• RAW DATA

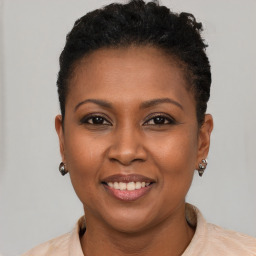 Joyful black young-adult female with short  brown hair and brown eyes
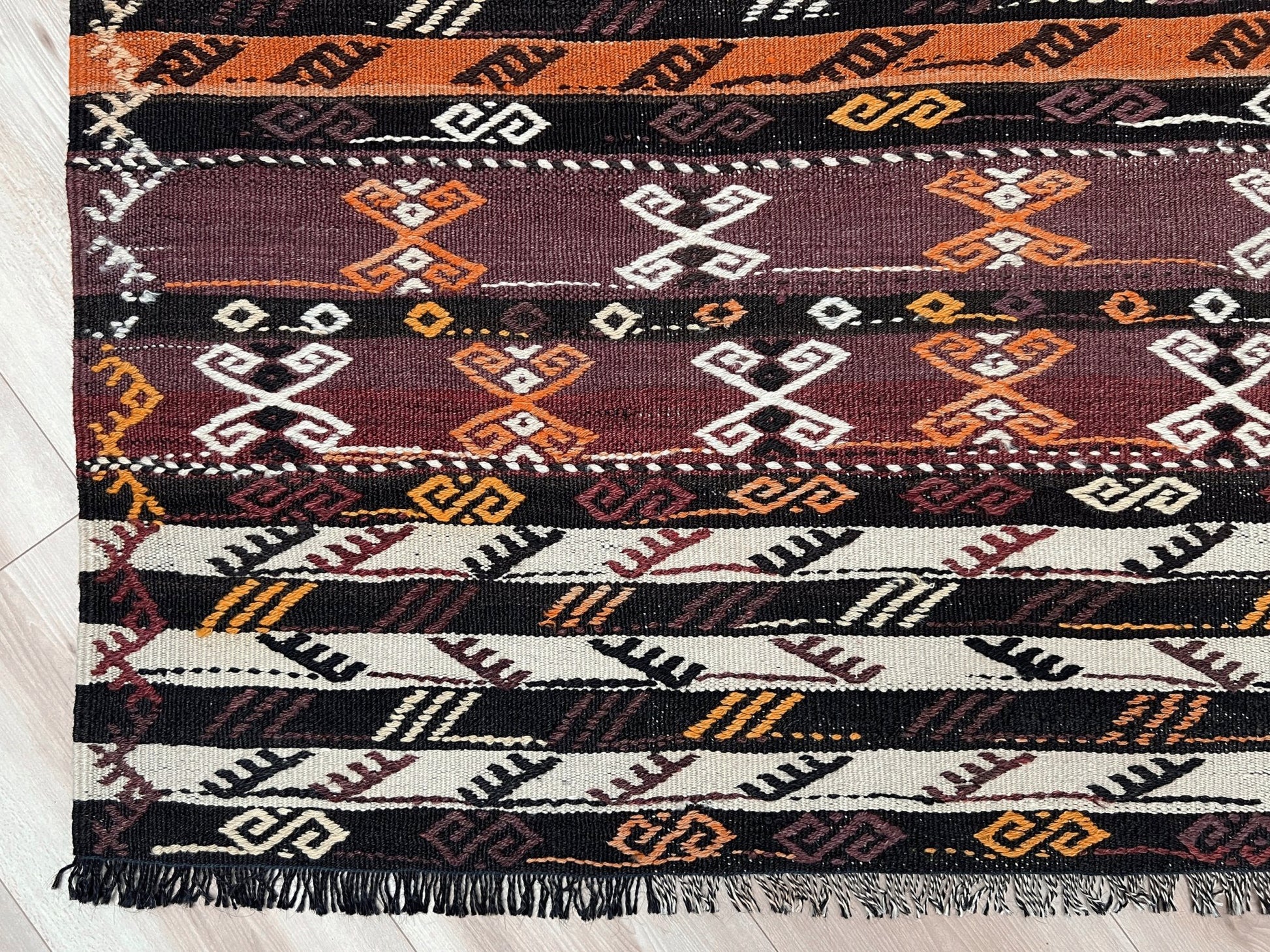 Patterned rug with geometric design on a wooden floor. Vintage Kars kilim rug from Eastern Turkey, 6x8, with horizontal tribal bands in brown, ivory, rust, and charcoal geometric motifs.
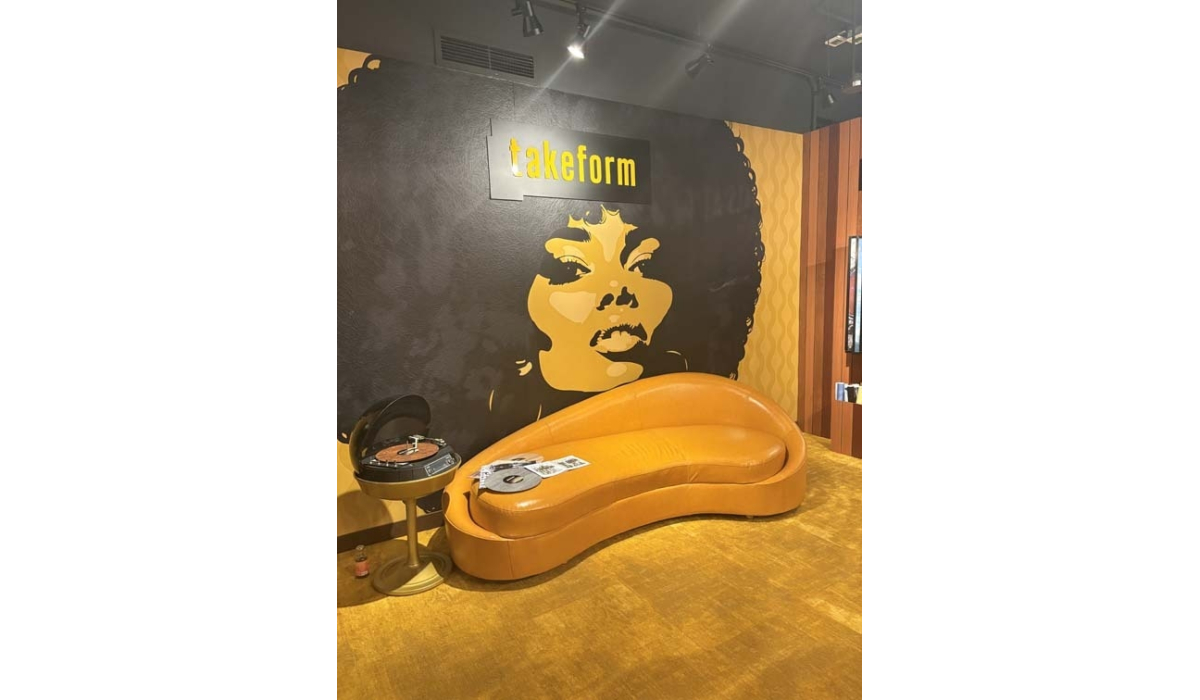 Curvy orange sofa beside a spinning record player and magazine below a black-and-gold mural of an Afro woman's face with a 'takeform' sign.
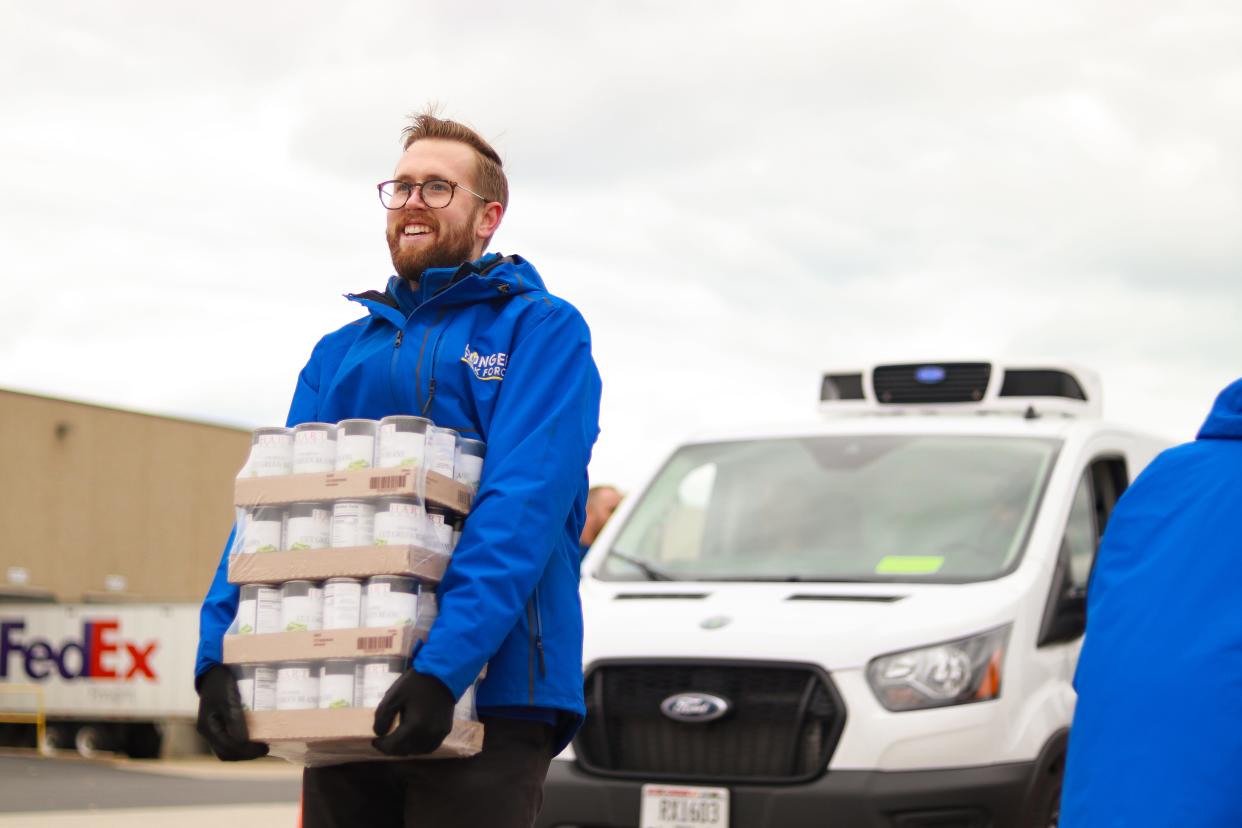 Cans of food are carried across a parking lot in Milwaukee County, as part of the Hunger Task Force's food donations programs.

• WORK TASK
Only the lines from the one with "Patterned rug with" through the end of the listing should be transcribed, exactly and without pictures.

• EXERCISE RESULT
 Patterned rug with geometric design on a wooden floor. Vintage Kars kilim rug from Eastern Turkey, 6x8, with horizontal tribal bands in brown, ivory, rust, and charcoal geometric motifs.
 Curvy orange sofa beside a spinning record player and magazine below a black-and-gold mural of an Afro woman's face with a 'takeform' sign.
 Cans of food are carried across a parking lot in Milwaukee County, as part of the Hunger Task Force's food donations programs.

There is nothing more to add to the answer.